The Fallacy Of Fast, Putting Test Execution Speed In Its Place 04 Feb 2012

A colleague recently sent over a link to Corey Haines video on Fast Rails Tests from GoGaRuCo 2011. From watching this it got me thinking about fast tests and a common misconception that people have. For the record, Corey is not one of those people, but his talk got me thinking about this topic.

The Problem

People are becoming obsessed with execution speed, almost entirely. They’ve got umpteen thousand tests that execute in 2 seconds. On the surface this is awesome! Unfortunately, this can be a false achievement (but not always) that their tests test a whole lot of nothing and end up being quite brittle. Mocking is used, but inappropriately and way too much. The tests end up being incredibly fast but not very valuable.

Speed Kills

I’ve gone through my own Michael Angelo Batio phase in the past I’m not simply speculating. I’ve been in those trenches, I’ve experienced it, I’ve done it, and I’ve seen others succumb as well.
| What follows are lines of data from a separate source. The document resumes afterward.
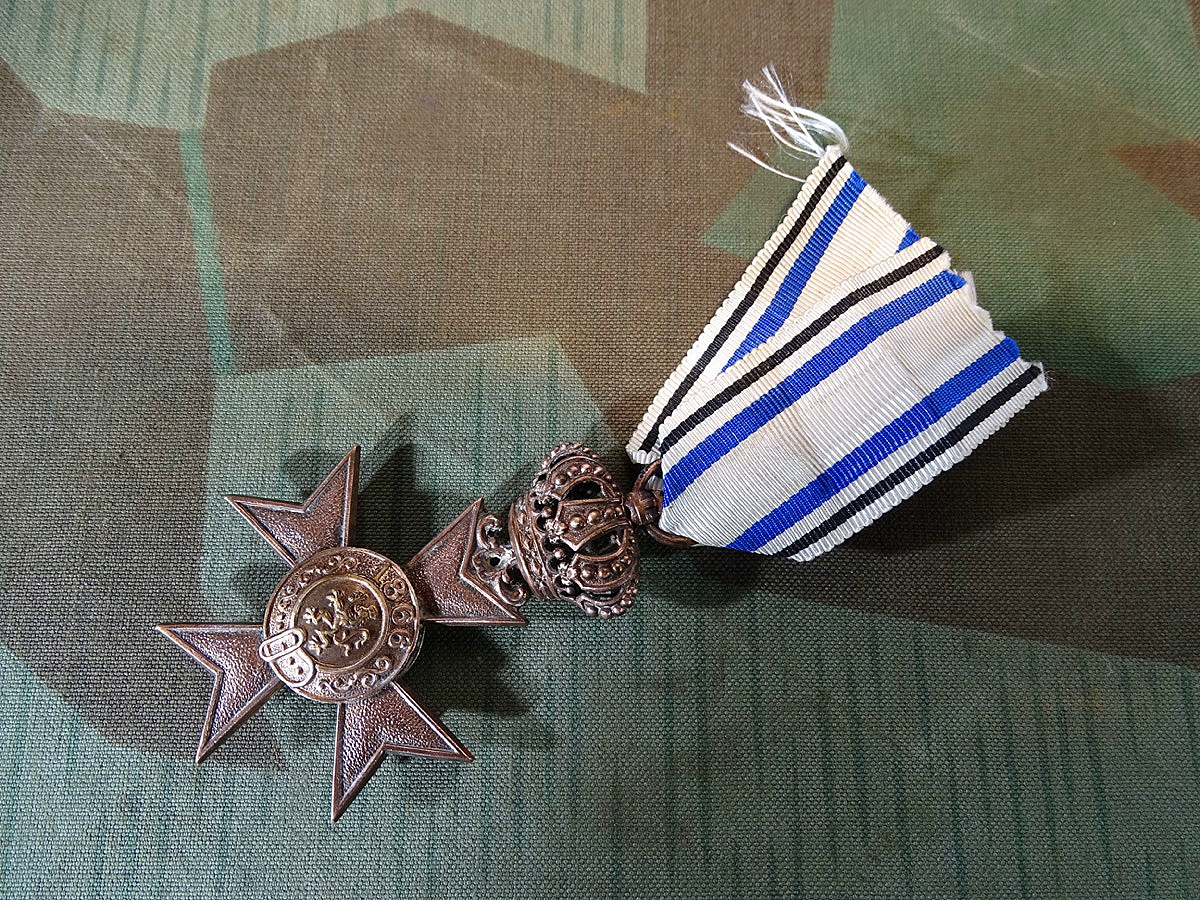 Bayern Militär Verdienstkreuz 3. Klasse mit Schwertern u. Krone und Band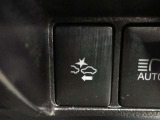 車両が前方の障害物や車両を感知するためにカメラやレーダーを利用し、衝突の危険がある場合にはドライバーに警告を出したり、自動的にブレーキを作動させる機能を備えています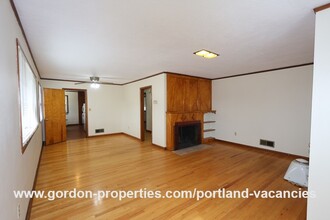 2803-2807 NE Hoyt St-Unit -2805 in Portland, OR - Foto de edificio - Building Photo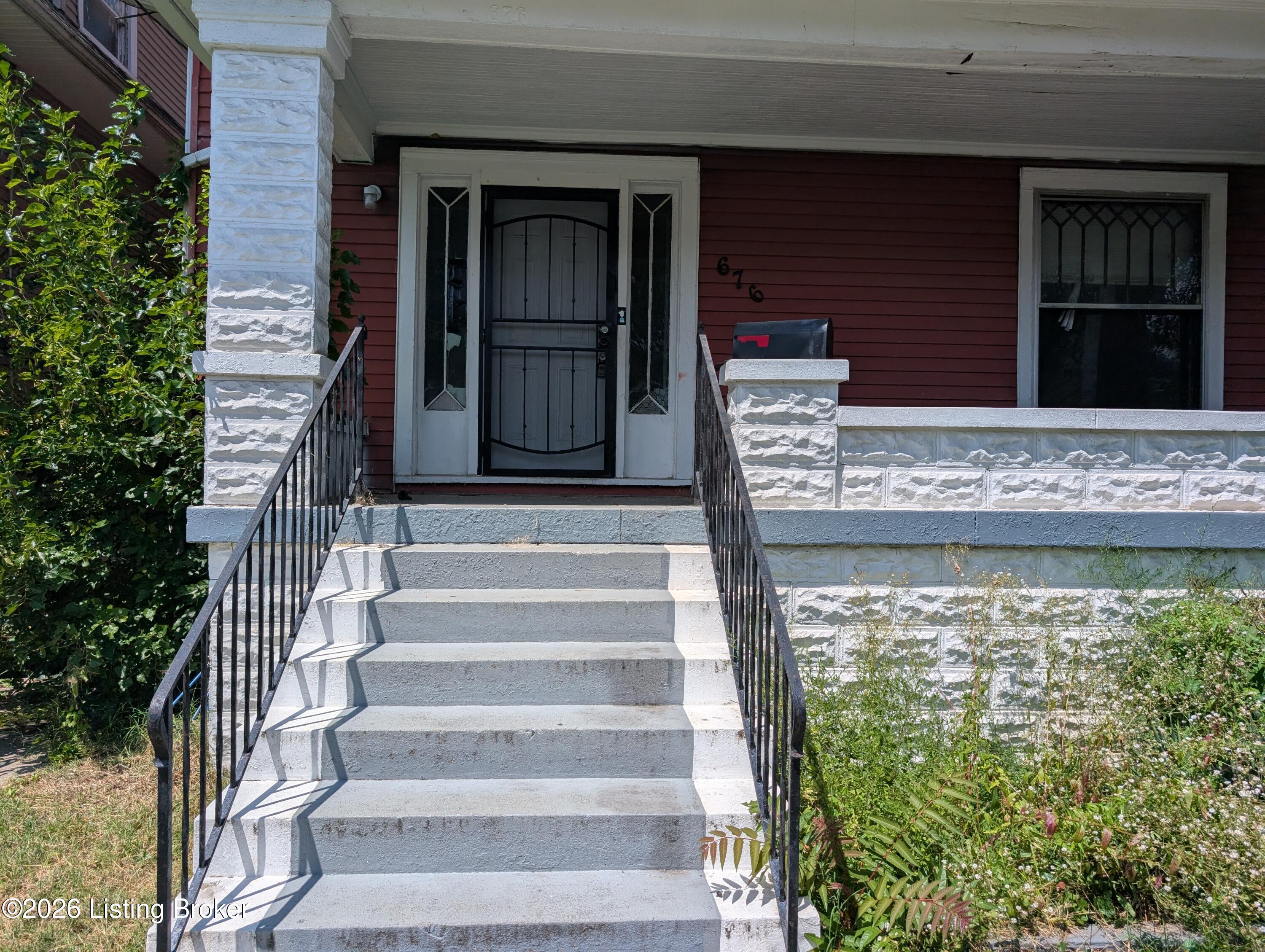 676 Cecil Ave Property Photo 2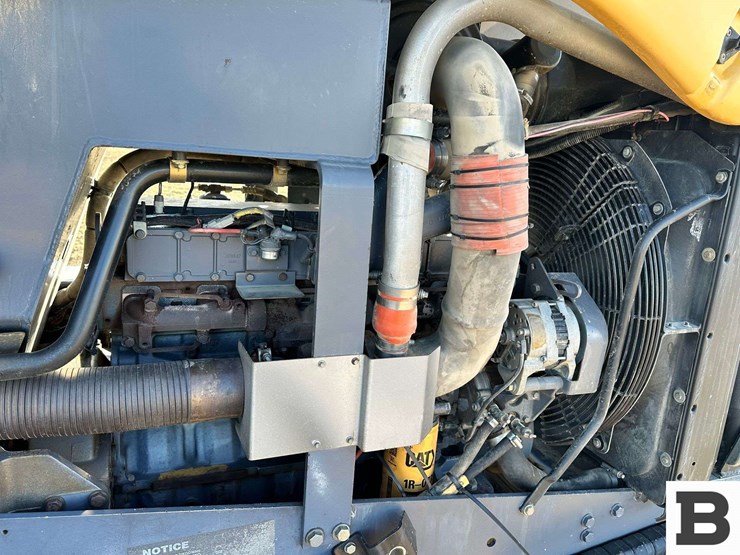 cat-challenger-55-tractor-image-14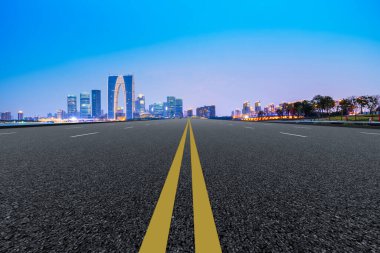 Çin 'deki modern ticari binalar boyunca boş asfalt yol. 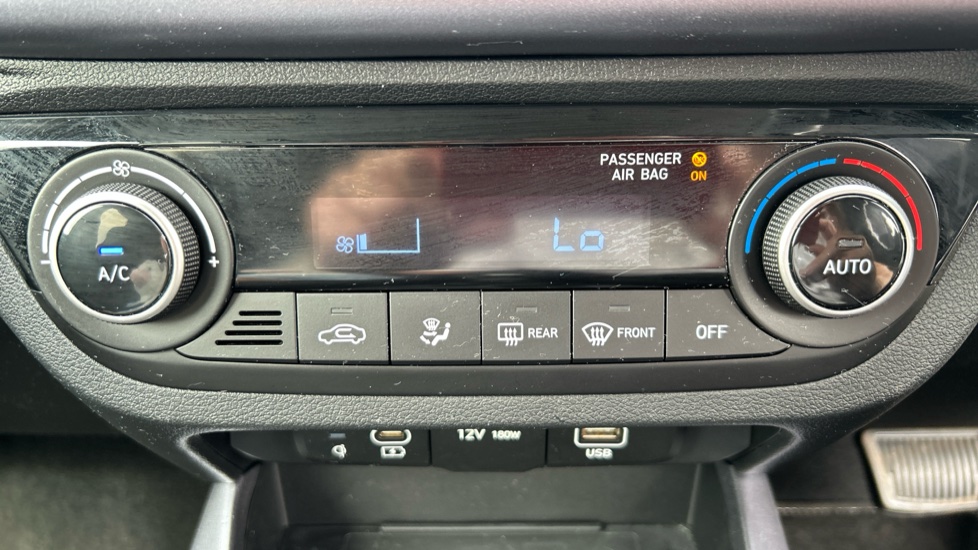 Hyundai i10 1.2 MPi Premium 5dr Auto Petrol Hatchback - Image 22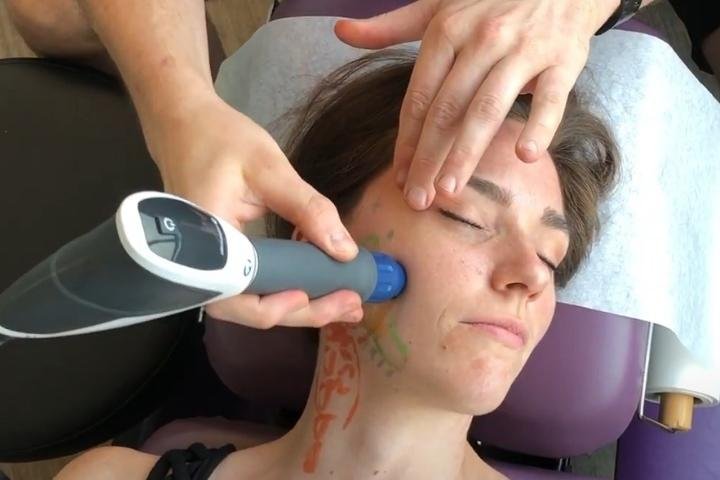 Laser Jaw Pain Treatment in Dubai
Faster tests are better; they will be executed more frequently; they will provide faster feedback loops; they will be the cause of less idle time for the developers who sit and wait for the test suite to finish running. But fast is not the primary goal. It is merely one of the forces at play that we as developers must figure out how to resolve.

Goals of Testing

The primary goal for tests is to help continually drive the development of software over time. The broadness of this statement is intentional because there are many things at play which impact our ability to reach this goal. Things like: behavior validation, reliability, readability, frequency of execution, design/testability, etc.

Behavior Validation

Of these the most important thing is behavior validation. Without it the others don’t matter: they are pointless. If you have 100,000 examples that run in 5 seconds, but they’re not testing actual behavior of the components than you are providing nothing but empty statistics. Behavior validation is not about speed, it’s about behavior.

Greenhorns have slow, ugly, poorly designed tests. Those who have more experience and are better at testing will see a million ways to improve these tests. It’s tempting to simply throw at them all of the other things they should be doing, but all in good time. First and foremost, we need to make sure we all have this basic principle of testing under our belt. Otherwise, we’ll be putting the cart before the horse so-to-speak.

Reliability

Reliability is the next important. It may seem like a given but in many cases it is not and it often has to be learned through hard-ship and experience from people new to testing. Tests need to execute reliably all of the time. For unit level tests and examples this is the easiest because there are the fewest things at work in the test. For higher level (functional, integration, etc) this gets trickier because there are more things at play and which need to be considered.

Test Order Independence

There are multiple ways to look at reliability. One way is to run your test suite in backwards or random order (RSpec supports this). This will find tests which have dependencies on the order in which other the tests are run. Tests should reliably and consistently pass regardless of the order you run them in.

Component Independence (Isolating System Under Test)

Another way to consider reliability is thinking about it in terms of unexpected dependencies. For example, if we are testing something simple, like, the requirement that a User has a name, then when we change the Account, our test for that User validation should not fail. There are a number of cases where unexpected changes in other parts of the system impact our test. In some cases, this shows we have bugs, in other cases, it shows that our tests are not reliable because they are being impacted by things that have nothing to do with the behavior the test focuses on.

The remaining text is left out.